Should we change Dataset to adaptively create the correct subclass depending on the input path?
Created by: AMHermansen
At the meeting today I mentioned that we could use hooks from __new__ and __init_subclass__ to automatically infer the desired dataset-subclass.
Currently we have two Datasets which are being used SQLiteDataset and ParquetDataset, and they both take the same inputs arguments.
I think we could overwrite __new__ and __init_subclass__ in Dataset in such a way that __init_subclass__ would make a "subclass registry", which connects file-extensions to implemented datasets, and then __new__ would look up the subclass registry and find the correct subclass to instantiate.
A "simple" illustration of how this would look like
from typing import Iterable, Union
class A:
_subclass_registry = {}
def __init__(self, arg1, arg2, kwarg1=None, kwarg2=None, *, path: str):
self.path = path
self.arg1 = arg1
self.arg2 = arg2
self.kwarg1 = kwarg1
self.kwarg2 = kwarg2
def __init_subclass__(cls, file_extensions: Union[str, Iterable[str]], **kwargs):
if isinstance(file_extensions, str):
file_extensions = [file_extensions]
for ext in file_extensions:
if ext in cls._subclass_registry:
raise ValueError(f"Duplicate file extension: {ext}")

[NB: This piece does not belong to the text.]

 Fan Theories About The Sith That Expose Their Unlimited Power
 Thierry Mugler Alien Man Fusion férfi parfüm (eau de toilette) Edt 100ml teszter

A._subclass_registry[ext] = cls
super().__init_subclass__(**kwargs)
def __new__(cls, *args, **kwargs):
path = kwargs["path"]
file_extension = path.split(".")[-1]
subclass = cls._subclass_registry.get(file_extension, None)
if subclass is None:
raise ValueError(f"Unknown file extension: {file_extension}")
return object.__new__(subclass)
class B(A, file_extensions="ext1"):
def __init__(self, arg1, arg2, kwarg1=None, kwarg2=None, *, path: str):
super().__init__(arg1, arg2, kwarg1=kwarg1, kwarg2=kwarg2, path=path)
print(f"Created B instance with path: {self.path}")
class C(A, file_extensions=["ext2", "ext3"]):
def __init__(self, arg1, arg2, kwarg1=None, kwarg2=None, *, path: str):
super().__init__(arg1, arg2, kwarg1=kwarg1, kwarg2=kwarg2, path=path)
print(f"Created C instance with path: {self.path}")
if __name__ == "__main__":
a = A(1, 2, path="file.ext1") # Creates object from class B
b = A(3, 4, path="file.ext2") # Creates object from class C
c = A(5, 6, path="file.ext3") # Creates object from class C
print(f"{type(a)=}")
print(f"{type(b)=}")
print(f"{type(c)=}")
Pros:
- I think it would be easier for end-users to interact with the library, since they only need to create a Dataset, and don't need to worry about finding the correct subclass for their data back-end.
Cons:
- We restrict ourselves to have all datasets take the same arguments/keyword arguments
- We restrict ourselves to only have one dataset per file extension. (This can somewhat be circumvented, but it is not as elegant)
- It might be slightly more difficult to debug a dataset object, because it is not completely straightforward which subclass it is.